Valvular involvement	RA	30% of patients with RA presented valvular diseases. Mitral regurgitation was found in 80% of patients with RA [17].
	SLE	More than 50% of patients had valvular abnormalities in SLE [3]. Libman–Sacks endocarditis was more commonly detected in SLE patients [20].
	SSc	Aortic and mitral valves with regurgitation were found in 18% of autopsied SSc patients [22,23].
	AS	Valvular abnormalities described in AS were: aortic root thickening and dilatation; aortic cusp thickening and retraction; and aortic and mitral regurgitation [18]. Aortic root thickening was more common than dilatation (61% vs. 25%) [25].
Myocardial involvement	RA	Myocardial disease was rare among RA patients. The risk of myocardial dysfunction and CHF were high in RA patients compared to controls [26,27].
	SSc	Cardiac manifestations were reported in 15–35% of SSc patients. Myocardial fibrosis was the most common cardiac manifestation of SSc [31].
		Pulmonary involvement (interstitial fibrosis and pulmonary vascular disease) was detected in patients with SSc. This led to pulmonary arterial hypertension and associated myocardial changes [32].
	AS	The risk of heart failure was found to be 1.34-fold greater, considering the cause of LV diastolic dysfunction [35].
Pericardial involvement	RA	Between 30% and 50% of patients with RA had pericarditis.
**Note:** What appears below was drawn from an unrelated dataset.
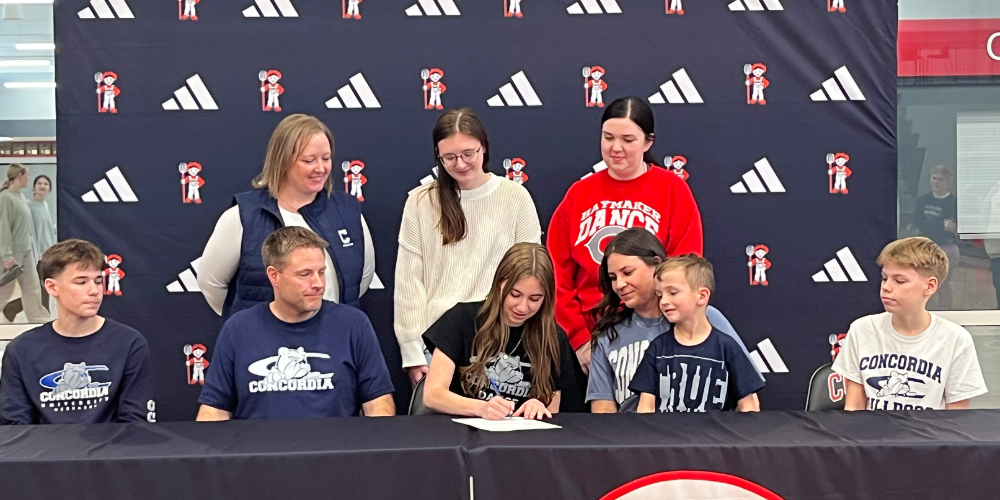 Camryn Yilk Signs to Dance at Concordia University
Clinically <10% of patients were diagnosed with severe RA [5,37].
	SLE	Pericardial disease occurred in 20–50% of SLE patients [18,38]. Moderate to large pericardial effusions were detected in 7% of patients in one series of SLE patients [32].
	SSc	Pericardial involvement (fibrinous pericarditis, chronic fibrous pericarditis, pericardial adhesions and pericardial effusions) occurred in 33–72% of SSc patients [23].
Vascular involvement	RA	Premature and accelerated atherosclerosis was detected in RA patients [42,44].Increased frequency of myocardial infarction in patients with RA was described when compared to controls [45].
	SLE	Premature atherosclerosis occurred in lupus patients [3].
	SSc	SSc was marked by microvascular abnormalities, secondary ischemia and excessive fibroblast activity. Involvement of large arteries was also reported [53].
	AS	CAD risk in patients with AS vs. controls was 1:41, demonstrating an increased risk [54].

RA: rheumatoid arthritis, SLE: systemic lupus erythematosus, SSc: systemic sclerosis, AS: ankylosing spondylitis, CHB: congenital heart block, AV: atrioventricular, SCD: sudden cardiac death, CHF: congestive heart failure, CAD: coronary artery disease.

5. Conclusions

Cardiac involvement due to systemic inflammation can occur in RA, SLE, SSc and AS with different prevalence and is frequently silent. Inflammatory rheumatic diseases can affect the myocardium, cardiac valves, pericardium, conduction system and arterial vasculature. Given the risk of increased cardiac mortality, disease prevention and surveillance are particularly important in these patients.

Early detection and adequate management of specific types of cardiac involvement are essential in inflammatory rheumatic diseases, and electrocardiographic and echocardiographic evaluations should be performed as routine investigations.